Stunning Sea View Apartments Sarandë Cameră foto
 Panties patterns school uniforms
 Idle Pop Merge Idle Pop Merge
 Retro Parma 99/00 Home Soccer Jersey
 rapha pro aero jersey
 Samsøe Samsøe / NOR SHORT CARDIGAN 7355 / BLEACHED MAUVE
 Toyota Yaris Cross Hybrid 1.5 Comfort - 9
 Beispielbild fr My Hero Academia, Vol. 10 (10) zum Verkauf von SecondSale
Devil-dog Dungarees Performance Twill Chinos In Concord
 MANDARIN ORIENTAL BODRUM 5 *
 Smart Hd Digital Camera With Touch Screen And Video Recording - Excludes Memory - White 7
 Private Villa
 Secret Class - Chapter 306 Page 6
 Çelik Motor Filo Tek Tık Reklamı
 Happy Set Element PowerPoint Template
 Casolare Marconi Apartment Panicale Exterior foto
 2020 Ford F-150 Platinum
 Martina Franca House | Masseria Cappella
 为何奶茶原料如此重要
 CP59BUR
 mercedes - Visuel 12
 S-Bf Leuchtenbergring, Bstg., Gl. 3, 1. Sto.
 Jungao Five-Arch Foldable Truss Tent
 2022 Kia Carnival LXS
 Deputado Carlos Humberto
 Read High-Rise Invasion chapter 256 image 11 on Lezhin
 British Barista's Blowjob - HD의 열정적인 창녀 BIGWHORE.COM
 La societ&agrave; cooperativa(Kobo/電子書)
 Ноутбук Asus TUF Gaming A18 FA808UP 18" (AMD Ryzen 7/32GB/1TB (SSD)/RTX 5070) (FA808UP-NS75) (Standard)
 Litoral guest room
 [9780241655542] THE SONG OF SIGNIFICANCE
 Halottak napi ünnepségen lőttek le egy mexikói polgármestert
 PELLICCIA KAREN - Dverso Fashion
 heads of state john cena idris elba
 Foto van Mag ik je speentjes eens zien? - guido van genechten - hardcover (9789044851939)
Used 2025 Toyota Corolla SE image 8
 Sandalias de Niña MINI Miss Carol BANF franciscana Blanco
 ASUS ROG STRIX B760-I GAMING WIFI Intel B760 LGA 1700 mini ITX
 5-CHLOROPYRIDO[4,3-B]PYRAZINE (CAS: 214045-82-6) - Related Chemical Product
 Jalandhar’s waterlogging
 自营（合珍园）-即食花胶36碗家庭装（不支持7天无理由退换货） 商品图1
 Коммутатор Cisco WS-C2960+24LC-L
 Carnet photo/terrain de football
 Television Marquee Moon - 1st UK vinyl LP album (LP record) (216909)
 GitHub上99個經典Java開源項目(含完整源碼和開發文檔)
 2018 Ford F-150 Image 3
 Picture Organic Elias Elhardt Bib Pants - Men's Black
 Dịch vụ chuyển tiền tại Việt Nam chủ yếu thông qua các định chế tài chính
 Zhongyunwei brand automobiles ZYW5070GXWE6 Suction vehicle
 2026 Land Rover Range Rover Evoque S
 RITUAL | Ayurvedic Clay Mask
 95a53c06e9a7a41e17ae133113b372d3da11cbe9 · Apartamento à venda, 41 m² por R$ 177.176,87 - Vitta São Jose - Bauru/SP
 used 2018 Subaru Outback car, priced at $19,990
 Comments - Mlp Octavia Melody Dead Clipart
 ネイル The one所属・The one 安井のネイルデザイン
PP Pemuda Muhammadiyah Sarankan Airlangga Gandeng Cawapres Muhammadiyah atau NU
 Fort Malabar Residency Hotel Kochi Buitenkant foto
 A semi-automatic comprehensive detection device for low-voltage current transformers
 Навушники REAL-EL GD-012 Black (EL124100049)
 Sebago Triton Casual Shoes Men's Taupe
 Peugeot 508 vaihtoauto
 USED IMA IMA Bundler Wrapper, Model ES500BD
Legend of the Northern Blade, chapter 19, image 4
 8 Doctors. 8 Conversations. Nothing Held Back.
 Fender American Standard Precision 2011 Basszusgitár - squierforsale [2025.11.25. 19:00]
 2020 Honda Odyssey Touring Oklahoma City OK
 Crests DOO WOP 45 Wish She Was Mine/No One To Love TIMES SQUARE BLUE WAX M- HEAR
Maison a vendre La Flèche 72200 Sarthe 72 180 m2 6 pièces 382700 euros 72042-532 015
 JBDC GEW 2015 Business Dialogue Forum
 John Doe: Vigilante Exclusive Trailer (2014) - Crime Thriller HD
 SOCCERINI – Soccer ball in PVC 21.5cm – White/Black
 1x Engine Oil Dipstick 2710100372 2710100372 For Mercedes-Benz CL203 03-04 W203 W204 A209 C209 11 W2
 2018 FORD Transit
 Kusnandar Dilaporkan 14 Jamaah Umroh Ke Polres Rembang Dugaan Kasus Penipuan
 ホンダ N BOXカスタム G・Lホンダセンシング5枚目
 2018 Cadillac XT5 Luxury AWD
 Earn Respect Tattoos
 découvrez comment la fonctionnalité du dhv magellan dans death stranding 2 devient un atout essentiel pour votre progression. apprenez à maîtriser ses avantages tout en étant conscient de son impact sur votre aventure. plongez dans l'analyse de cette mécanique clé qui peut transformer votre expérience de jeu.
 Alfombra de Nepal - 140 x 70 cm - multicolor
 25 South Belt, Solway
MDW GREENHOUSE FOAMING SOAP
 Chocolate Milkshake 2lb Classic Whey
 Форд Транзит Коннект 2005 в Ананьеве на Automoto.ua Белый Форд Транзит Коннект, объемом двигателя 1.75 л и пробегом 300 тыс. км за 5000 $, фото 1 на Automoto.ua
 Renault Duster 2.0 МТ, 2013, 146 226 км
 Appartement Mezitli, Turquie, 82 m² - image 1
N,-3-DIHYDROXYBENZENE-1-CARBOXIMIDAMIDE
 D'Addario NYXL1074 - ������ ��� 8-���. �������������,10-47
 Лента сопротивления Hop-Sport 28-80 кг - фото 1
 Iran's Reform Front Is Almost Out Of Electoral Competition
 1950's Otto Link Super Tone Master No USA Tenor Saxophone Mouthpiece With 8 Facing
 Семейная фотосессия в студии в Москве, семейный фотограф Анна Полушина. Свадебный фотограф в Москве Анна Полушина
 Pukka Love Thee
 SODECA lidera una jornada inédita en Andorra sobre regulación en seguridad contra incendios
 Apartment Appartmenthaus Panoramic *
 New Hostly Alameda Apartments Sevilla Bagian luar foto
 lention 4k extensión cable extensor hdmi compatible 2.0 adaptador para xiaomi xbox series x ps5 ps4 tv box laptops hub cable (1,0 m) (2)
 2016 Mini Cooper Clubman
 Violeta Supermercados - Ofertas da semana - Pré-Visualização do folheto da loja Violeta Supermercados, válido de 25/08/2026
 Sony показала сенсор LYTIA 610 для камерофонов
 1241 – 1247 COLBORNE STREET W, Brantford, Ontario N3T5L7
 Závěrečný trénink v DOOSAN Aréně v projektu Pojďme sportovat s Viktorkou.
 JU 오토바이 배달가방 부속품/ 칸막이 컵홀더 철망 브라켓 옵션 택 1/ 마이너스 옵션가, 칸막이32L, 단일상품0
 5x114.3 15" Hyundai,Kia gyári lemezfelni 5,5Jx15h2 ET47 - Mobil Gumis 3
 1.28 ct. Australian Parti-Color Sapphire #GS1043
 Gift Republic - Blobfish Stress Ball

- - - - -

Whatever appears in the listing should be copied exactly and completely.

Response:
Stunning Sea View Apartments Sarandë Cameră foto
 Panties patterns school uniforms
 Idle Pop Merge Idle Pop Merge
 Retro Parma 99/00 Home Soccer Jersey
 rapha pro aero jersey
 Samsøe Samsøe / NOR SHORT CARDIGAN 7355 / BLEACHED MAUVE
 Toyota Yaris Cross Hybrid 1.5 Comfort - 9
 Beispielbild fr My Hero Academia, Vol. 10 (10) zum Verkauf von SecondSale
Devil-dog Dungarees Performance Twill Chinos In Concord
 MANDARIN ORIENTAL BODRUM 5 *
 Smart Hd Digital Camera With Touch Screen And Video Recording - Excludes Memory - White 7
 Private Villa
 Secret Class - Chapter 306 Page 6
 Çelik Motor Filo Tek Tık Reklamı
 Happy Set Element PowerPoint Template
 Casolare Marconi Apartment Panicale Exterior foto
 2020 Ford F-150 Platinum
 Martina Franca House | Masseria Cappella
 为何奶茶原料如此重要
 CP59BUR
 mercedes - Visuel 12
 S-Bf Leuchtenbergring, Bstg., Gl. 3, 1. Sto.
 Jungao Five-Arch Foldable Truss Tent
 2022 Kia Carnival LXS
 Deputado Carlos Humberto
 Read High-Rise Invasion chapter 256 image 11 on Lezhin
 British Barista's Blowjob - HD의 열정적인 창녀 BIGWHORE.COM
 La societ&agrave; cooperativa(Kobo/電子書)
 Ноутбук Asus TUF Gaming A18 FA808UP 18" (AMD Ryzen 7/32GB/1TB (SSD)/RTX 5070) (FA808UP-NS75) (Standard)
 Litoral guest room
 [9780241655542] THE SONG OF SIGNIFICANCE
 Halottak napi ünnepségen lőttek le egy mexikói polgármestert
 PELLICCIA KAREN - Dverso Fashion
 heads of state john cena idris elba
 Foto van Mag ik je speentjes eens zien? - guido van genechten - hardcover (9789044851939)
Used 2025 Toyota Corolla SE image 8
 Sandalias de Niña MINI Miss Carol BANF franciscana Blanco
 ASUS ROG STRIX B760-I GAMING WIFI Intel B760 LGA 1700 mini ITX
 5-CHLOROPYRIDO[4,3-B]PYRAZINE (CAS: 214045-82-6) - Related Chemical Product
 Jalandhar’s waterlogging
 自营（合珍园）-即食花胶36碗家庭装（不支持7天无理由退换货） 商品图1
 Коммутатор Cisco WS-C2960+24LC-L
 Carnet photo/terrain de football
 Television Marquee Moon - 1st UK vinyl LP album (LP record) (216909)
 GitHub上99個經典Java開源項目(含完整源碼和開發文檔)
 2018 Ford F-150 Image 3
 Picture Organic Elias Elhardt Bib Pants - Men's Black
 Dịch vụ chuyển tiền tại Việt Nam chủ yếu thông qua các định chế tài chính
 Zhongyunwei brand automobiles ZYW5070GXWE6 Suction vehicle
 2026 Land Rover Range Rover Evoque S
 RITUAL | Ayurvedic Clay Mask
 95a53c06e9a7a41e17ae133113b372d3da11cbe9 · Apartamento à venda, 41 m² por R$ 177.176,87 - Vitta São Jose - Bauru/SP
 used 2018 Subaru Outback car, priced at $19,990
 Comments - Mlp Octavia Melody Dead Clipart
 ネイル The one所属・The one 安井のネイルデザイン
PP Pemuda Muhammadiyah Sarankan Airlangga Gandeng Cawapres Muhammadiyah atau NU
 Fort Malabar Residency Hotel Kochi Buitenkant foto
 A semi-automatic comprehensive detection device for low-voltage current transformers
 Навушники REAL-EL GD-012 Black (EL124100049)
 Sebago Triton Casual Shoes Men's Taupe
 Peugeot 508 vaihtoauto
 USED IMA IMA Bundler Wrapper, Model ES500BD
Legend of the Northern Blade, chapter 19, image 4
 8 Doctors. 8 Conversations. Nothing Held Back.
 Fender American Standard Precision 2011 Basszusgitár - squierforsale [2025.11.25. 19:00]
 2020 Honda Odyssey Touring Oklahoma City OK
 Crests DOO WOP 45 Wish She Was Mine/No One To Love TIMES SQUARE BLUE WAX M- HEAR
Maison a vendre La Flèche 72200 Sarthe 72 180 m2 6 pièces 382700 euros 72042-532 015
 JBDC GEW 2015 Business Dialogue Forum
 John Doe: Vigilante Exclusive Trailer (2014) - Crime Thriller HD
 SOCCERINI – Soccer ball in PVC 21.5cm – White/Black
 1x Engine Oil Dipstick 2710100372 2710100372 For Mercedes-Benz CL203 03-04 W203 W204 A209 C209 11 W2
 2018 FORD Transit
 Kusnandar Dilaporkan 14 Jamaah Umroh Ke Polres Rembang Dugaan Kasus Penipuan
 ホンダ N BOXカスタム G・Lホンダセンシング5枚目
 2018 Cadillac XT5 Luxury AWD
 Earn Respect Tattoos
 découvrez comment la fonctionnalité du dhv magellan dans death stranding 2 devient un atout essentiel pour votre progression. apprenez à maîtriser ses avantages tout en étant conscient de son impact sur votre aventure. plongez dans l'analyse de cette mécanique clé qui peut transformer votre expérience de jeu.
 Alfombra de Nepal - 140 x 70 cm - multicolor
 25 South Belt, Solway
MDW GREENHOUSE FOAMING SOAP
 Chocolate Milkshake 2lb Classic Whey
 Форд Транзит Коннект 2005 в Ананьеве на Automoto.ua Белый Форд Транзит Коннект, объемом двигателя 1.75 л и пробегом 300 тыс. км за 5000 $, фото 1 на Automoto.ua
 Renault Duster 2.0 МТ, 2013, 146 226 км
 Appartement Mezitli, Turquie, 82 m² - image 1
N,-3-DIHYDROXYBENZENE-1-CARBOXIMIDAMIDE
 D'Addario NYXL1074 - ������ ��� 8-���. �������������,10-47
 Лента сопротивления Hop-Sport 28-80 кг - фото 1
 Iran's Reform Front Is Almost Out Of Electoral Competition
 1950's Otto Link Super Tone Master No USA Tenor Saxophone Mouthpiece With 8 Facing
 Семейная фотосессия в студии в Москве, семейный фотограф Анна Полушина. Свадебный фотограф в Москве Анна Полушина
 Pukka Love Thee
 SODECA lidera una jornada inédita en Andorra sobre regulación en seguridad contra incendios
 Apartment Appartmenthaus Panoramic *
 New Hostly Alameda Apartments Sevilla Bagian luar foto
 lention 4k extensión cable extensor hdmi compatible 2.0 adaptador para xiaomi xbox series x ps5 ps4 tv box laptops hub cable (1,0 m) (2)
 2016 Mini Cooper Clubman
 Violeta Supermercados - Ofertas da semana - Pré-Visualização do folheto da loja Violeta Supermercados, válido de 25/08/2026
 Sony показала сенсор LYTIA 610 для камерофонов
 1241 – 1247 COLBORNE STREET W, Brantford, Ontario N3T5L7
 Závěrečný trénink v DOOSAN Aréně v projektu Pojďme sportovat s Viktorkou.
 JU 오토바이 배달가방 부속품/ 칸막이 컵홀더 철망 브라켓 옵션 택 1/ 마이너스 옵션가, 칸막이32L, 단일상품0
 5x114.3 15" Hyundai,Kia gyári lemezfelni 5,5Jx15h2 ET47 - Mobil Gumis 3
 1.28 ct. Australian Parti-Color Sapphire #GS1043
 Gift Republic - Blobfish Stress Ball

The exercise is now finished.